Encore une fois, je comprends très bien que les lignes ci-dessus ne fassent pas envie mais moi, non seulement je m’y attendais mais cela ne m’a pas détourné du film. Ce qui va orienter mon jugement sur l’œuvre est la manière dont tout cela est agencé et la trame de scénario que Seidl va plaquer là-dessus. Et là je dois admettre que le compte n’y est, à mon avis, pas tout à fait.

D’abord, les divers éléments du film ne s’articulent pas toujours bien. L’histoire du père de Richie ne sert à rien sauf à remettre une louche de déprime qui n’était pas vraiment nécessaire. Cela rend la scène introductive en Autriche superflue (encore une autre location – un petit village misérable pour un enterrement sinistre – triste à mourir) et surtout cela retarde le départ de l’action jusqu’au milieu du film car cette intro est suivie d’une longue séquence où on nous explique la vie quotidienne, le job et la routine de Richie Bravo. Ce n’est vraiment qu’après l’apparition du personnage de Tessa que l’action démarre.

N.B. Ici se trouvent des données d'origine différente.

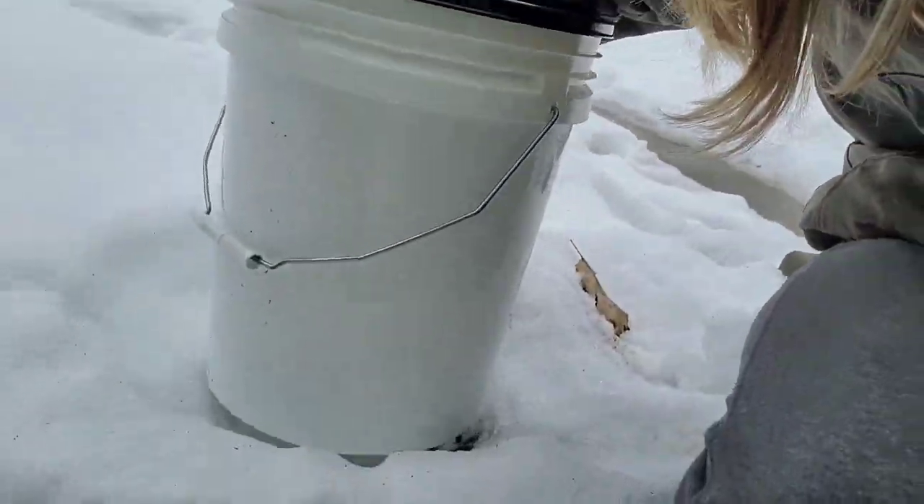Once you've hauled the sap back to the house, if you can't boil it right away you need to keep it cool to stop bacteria from growing. You can use a freezer, a big fridge, or — like us — shaded snow banks at the front of the house. Stored cool it keeps for about a week; frozen, you can keep it until you're ready.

Maintenant, cette action amène un petit suspense, en rajoute une couche pour montrer combien Richie est un être méprisable (même si on n’attendais pas grand chose de lui) mais n’est à mon avis pas assez développée, et souffre d’incohérence qui m’ont empêché d’y croire complètement. Pourquoi Richie accepte avec autant de facilité les demandes de Tessa – on a vu que ce ne sont pas les scrupules qui l’étouffent, il aurait très bien pu renvoyer sa fille aux pelotes, pour l’amour qu’il lui a témoigné pendant les ving premières années de sa vie … – ? A quoi sert, et que veut dire la scène du squat de la fin ? Ce n’est pas très clair, cela donne au film un côté bancal et m’a en fin de compte laissé un goût d’inachevé; en fait l’action qui aurait dû habiller le film m’a semblé plutôt anecdotique et je doute que ce soit le but recherché.

L’acteur Michael Thomas est impeccable dans le rôle de Richie Bravo, empâté, séducteur à deux balles comme il le faut, en un mot pathétique (au sens propre : qui génère du pathos), il est formidablement crédible dans ce rôle, plus à mon avis que le grand Gérard Depardieu dans un rôle similaire dans Quand j’étais chanteur, un film qui a des points communs avec Rimini mais qui ne va pas aussi loin si j’ose dire pour nous montrer la misère affective des personnages.

Avec son scénario pas trop crédible, Rimini serait plutôt un film d’atmosphère : c’est vraiment ce que Seidl fait de mieux et très honnêtement, il le fait bien. C’est donc bien cette négativité qui est l’élément positif du film d’un réalisateur singulier, doué dans son domaine, auquel je conserve ma confiance. Quant à la petite ville de Rimini, la pauvre, la voilà habillée pour l’hiver adriatique. J’en avais entendu parler pour la toute première fois par l’histoire fabuleusement romantique de Paolo et Francesca, j’ai découvert ensuite que c’était la petite ville de province désœuvrée où se passait l’action des Vitelloni de Fellini, et voilà maintenant que je la vois comme la ville de résidence de Richie Bravo. Et croyez bien que je n’ai pas spécialement envie d’y passer mes prochaines vacances, et cela même en été.